=== DATASET RECORDS ===

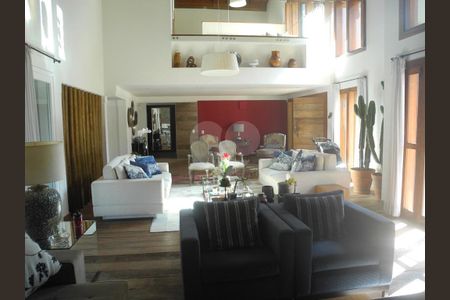 8_photo/94cf051eef.c992833f8caaafba-ATLAS-a0457c0d-700a-45cf-8166-ca72308d99e0.jpg de casa à venda com 6 quartos, 700m² em Residencial Morada dos Lagos, Barueri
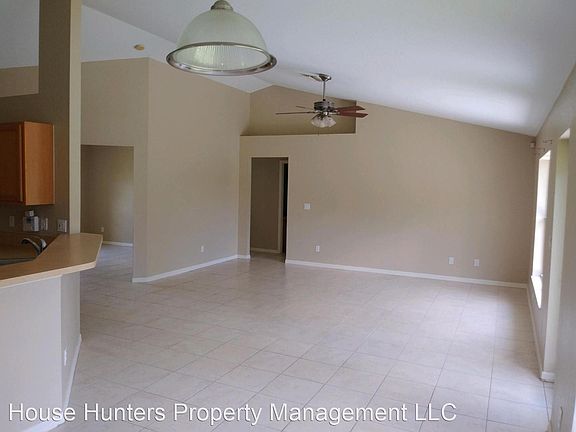4th image of 2484 Holland St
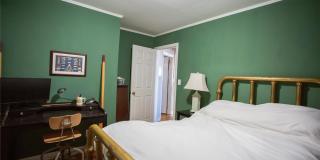 274 W Walnut Street Gallery 17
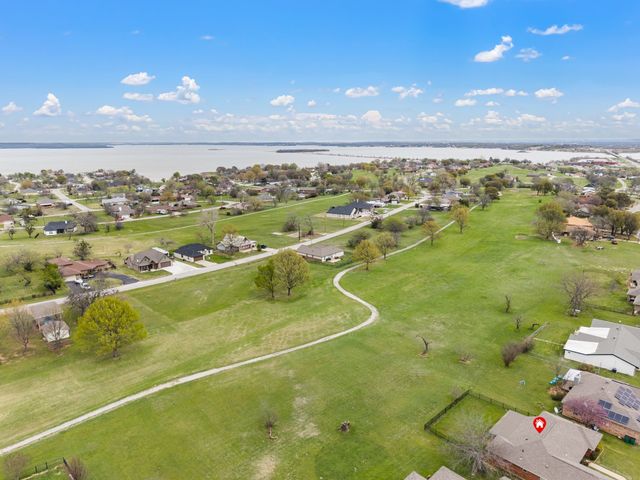 240 Half Moon Way, Runaway Bay, TX 76426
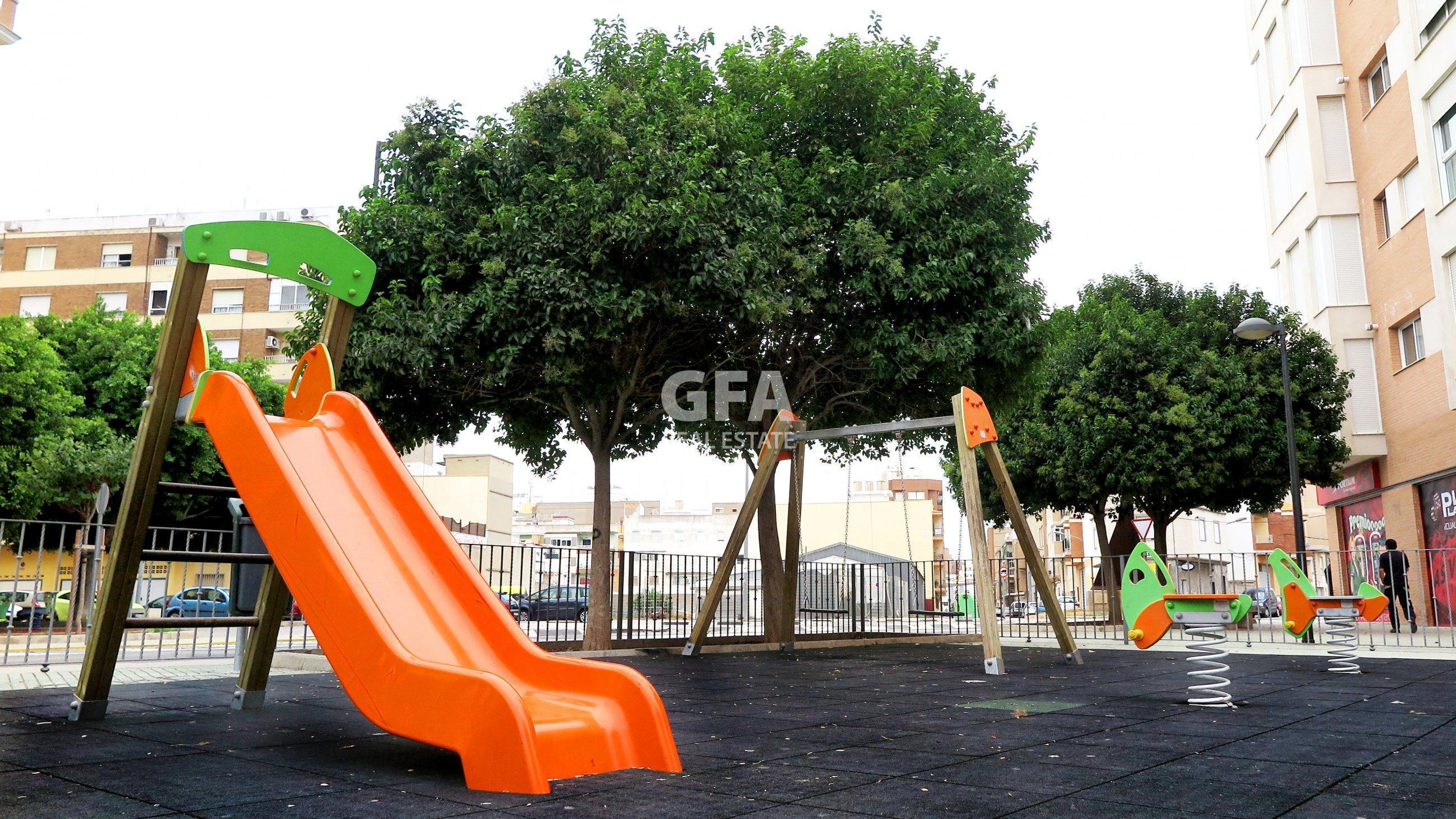 Viviendas de obra nueva en Sueca calle Jaime I parque infantil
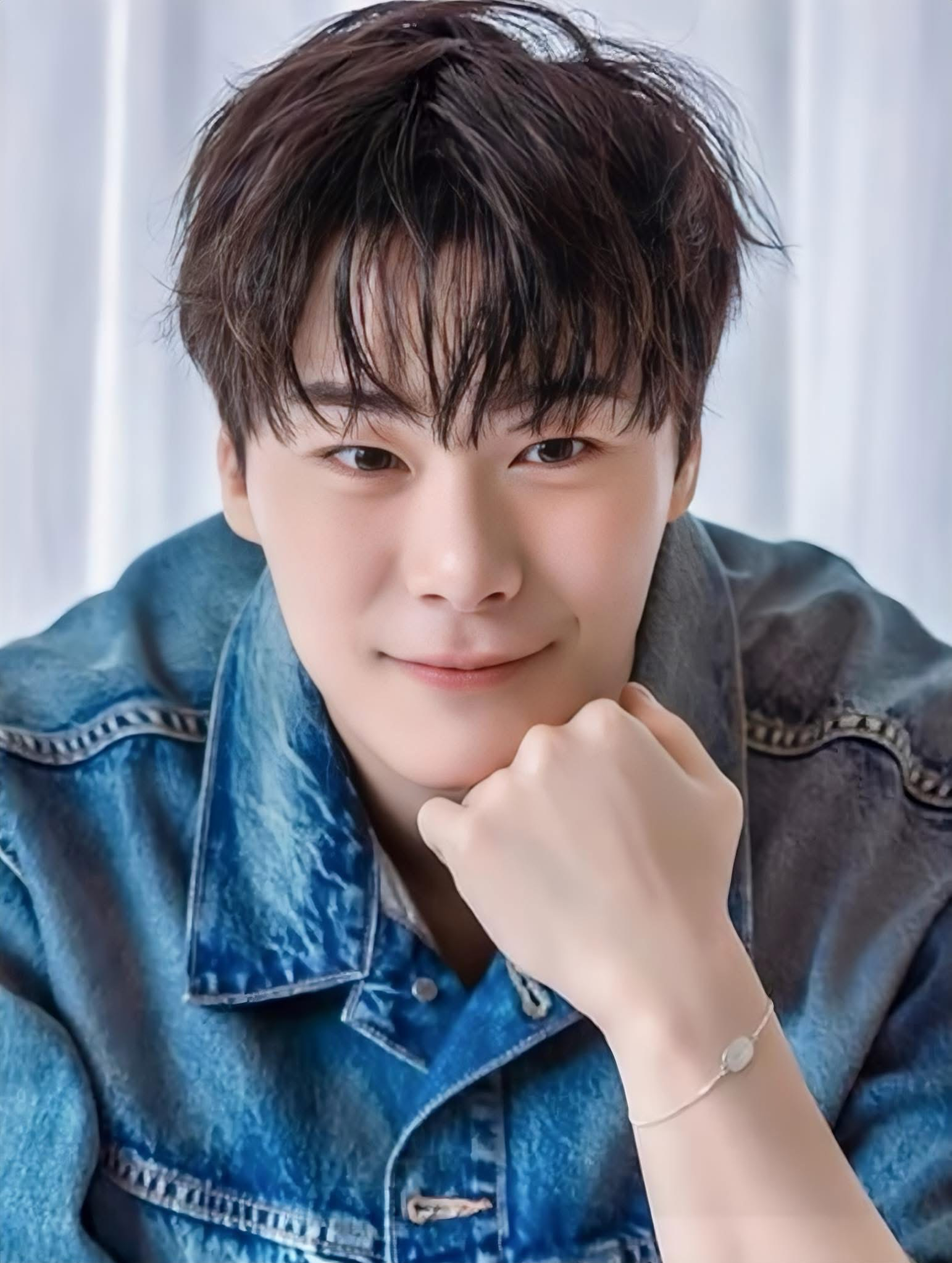 Behind-the-scenes cut of Moonbin (ASTRO)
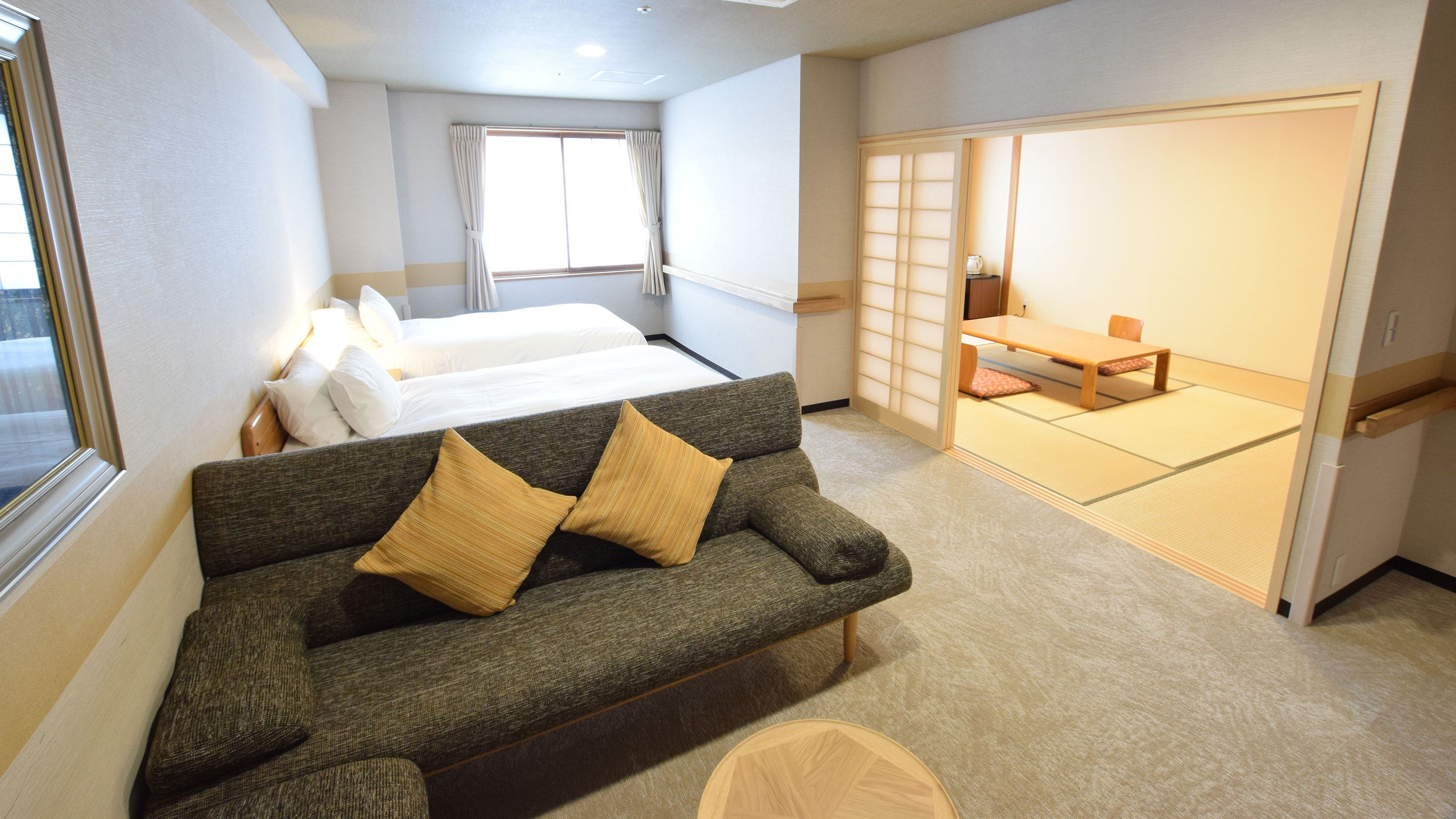 【スタンダード】西館/ユニバーサルルーム／ベッドルームと和室が隣接した設え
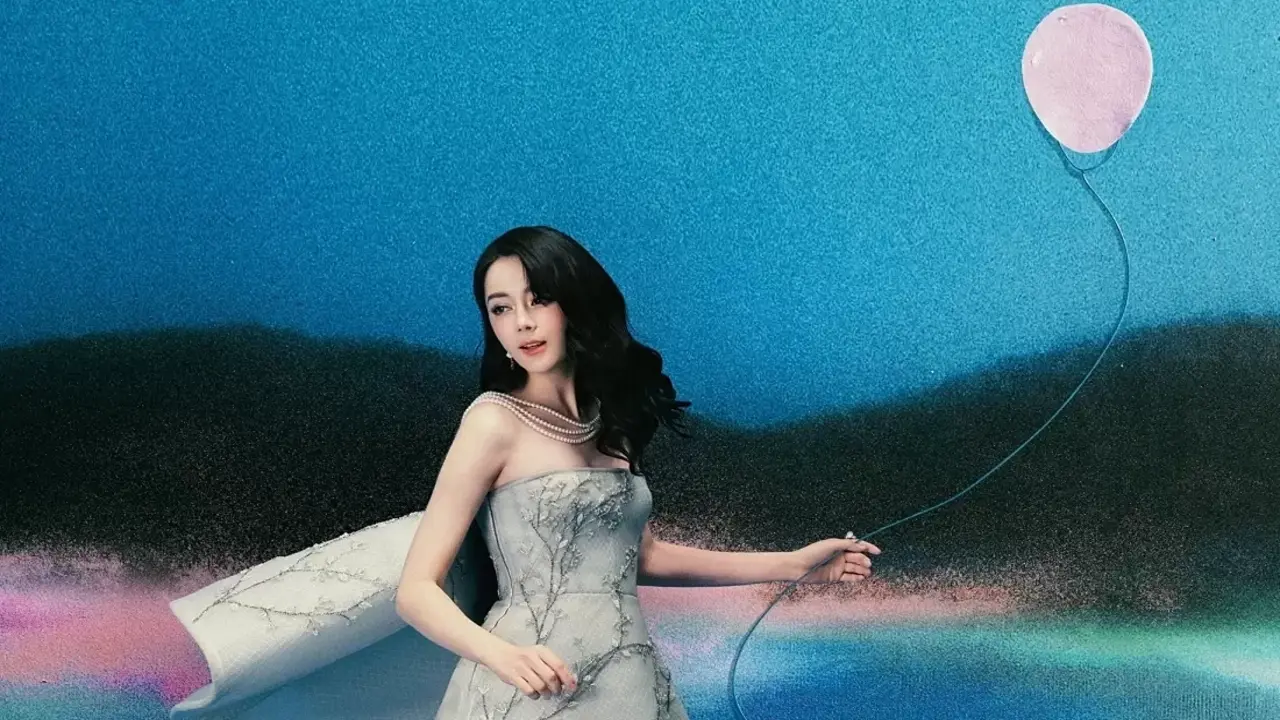Địch Lệ Nhiệt Ba hóa nàng tiên cổ tích trong váy của Phan Huy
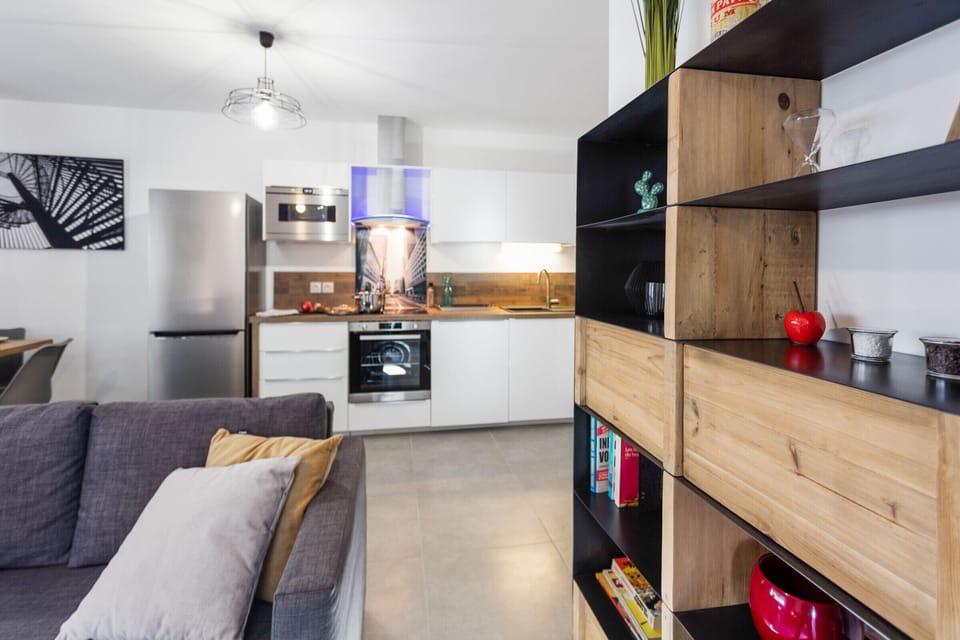 View of the equipped kitchen
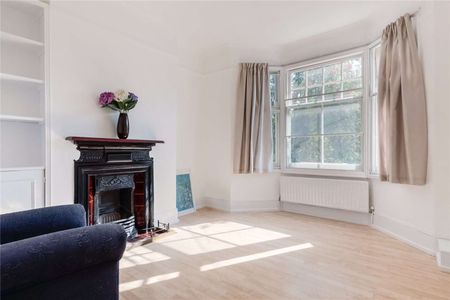 A charming two bedroom apartment on a quiet cul-de-sac in Wandsworth. - Photo 2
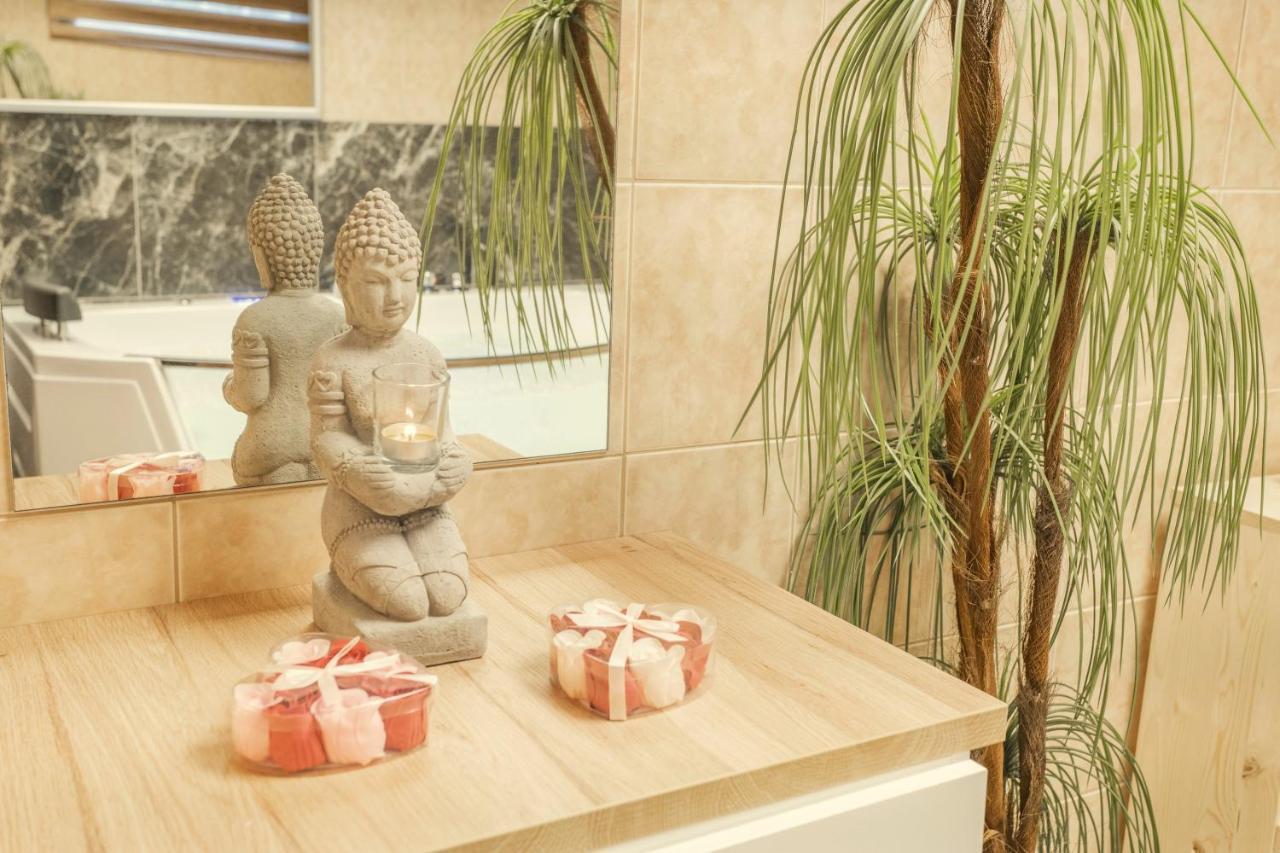 Wellness Studio! Finnish Sauna, Whirlpool, Gym & More! Prague Ngoại thất bức ảnh
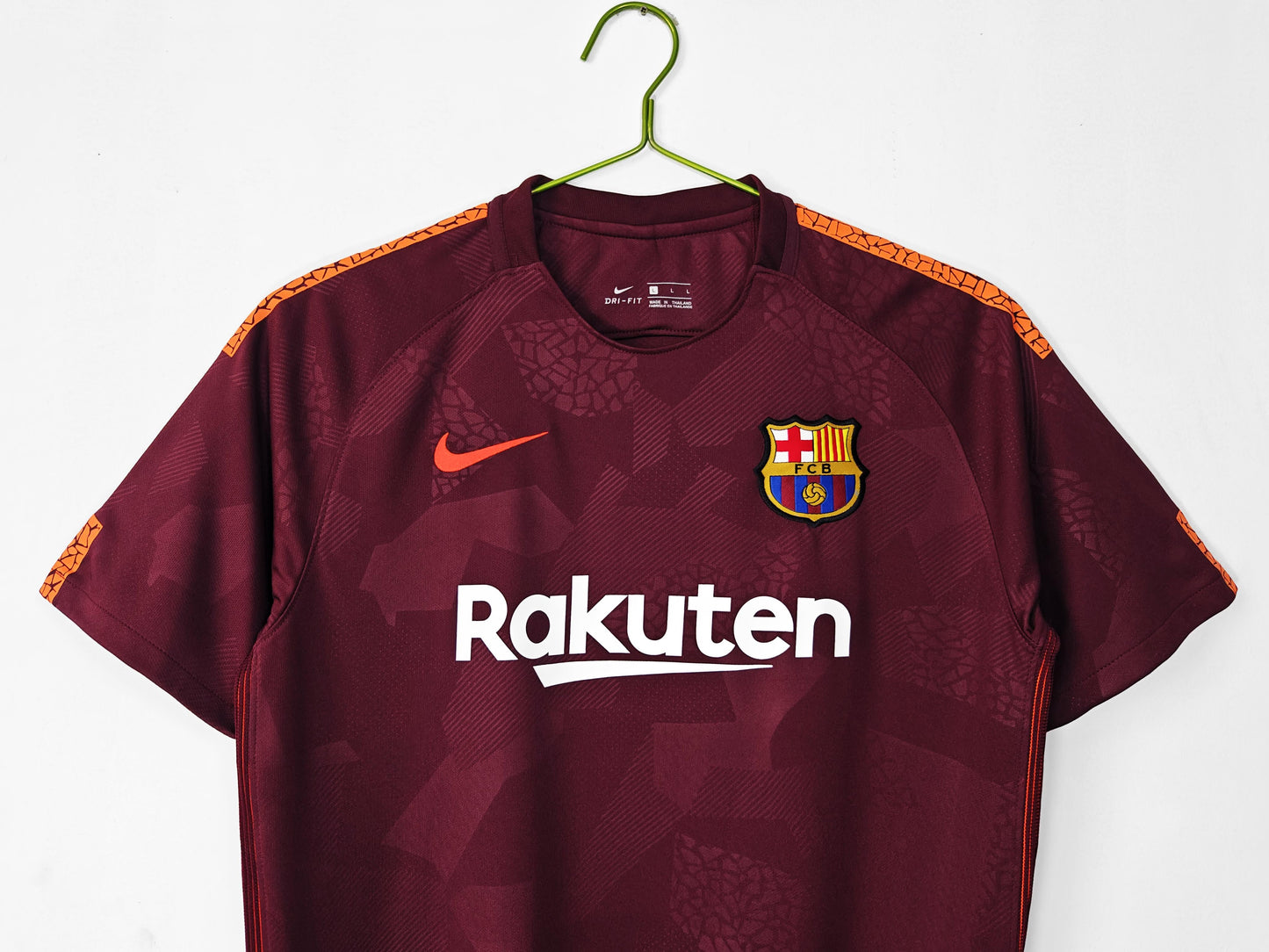 FC Barcelona 2017-2018 Third Jersey
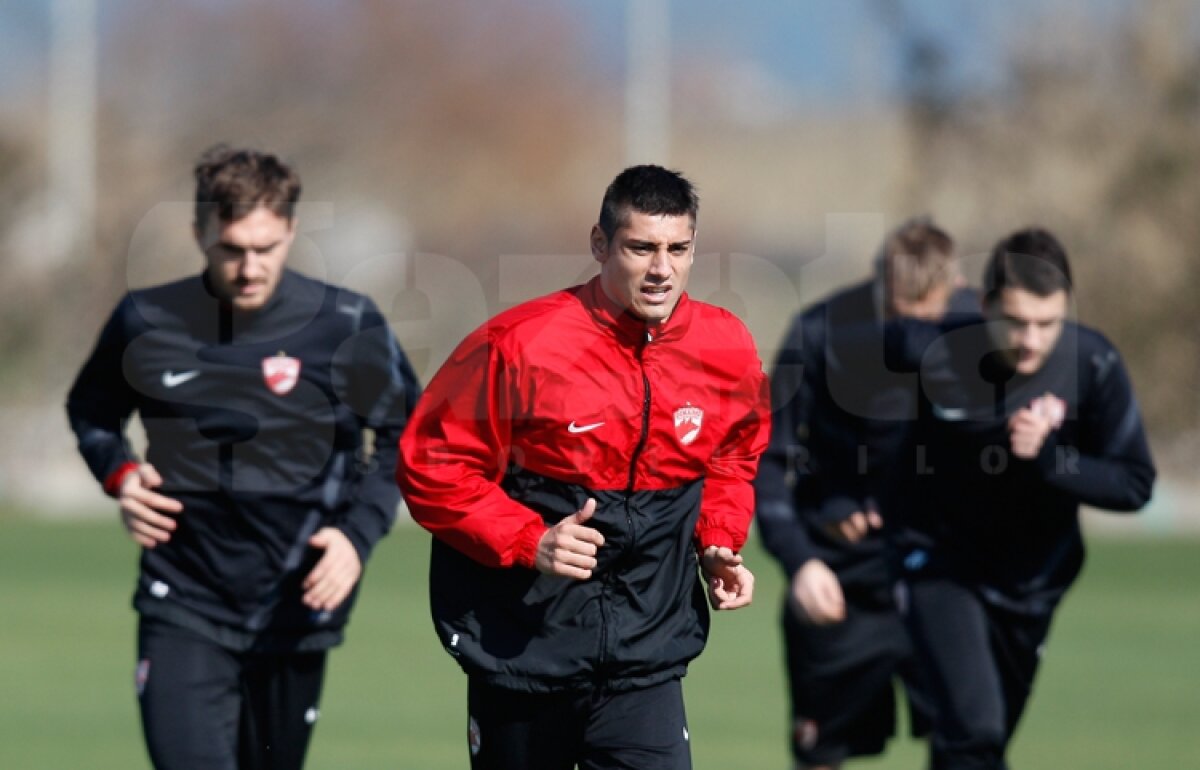 GALERIE FOTO Antrenament la baionetă în cantonamentul cîinilor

===

**YOUR ASSIGNMENT**
The reply should repeat the data in full, exactly as given, and contain no pictures.

**WRITTEN SOLUTION**
 8_photo/94cf051eef.c992833f8caaafba-ATLAS-a0457c0d-700a-45cf-8166-ca72308d99e0.jpg de casa à venda com 6 quartos, 700m² em Residencial Morada dos Lagos, Barueri
4th image of 2484 Holland St
 274 W Walnut Street Gallery 17
 240 Half Moon Way, Runaway Bay, TX 76426
 Viviendas de obra nueva en Sueca calle Jaime I parque infantil
 Behind-the-scenes cut of Moonbin (ASTRO)
 【スタンダード】西館/ユニバーサルルーム／ベッドルームと和室が隣接した設え
Địch Lệ Nhiệt Ba hóa nàng tiên cổ tích trong váy của Phan Huy
 View of the equipped kitchen
 A charming two bedroom apartment on a quiet cul-de-sac in Wandsworth. - Photo 2
 Wellness Studio! Finnish Sauna, Whirlpool, Gym & More! Prague Ngoại thất bức ảnh
 FC Barcelona 2017-2018 Third Jersey
 GALERIE FOTO Antrenament la baionetă în cantonamentul cîinilor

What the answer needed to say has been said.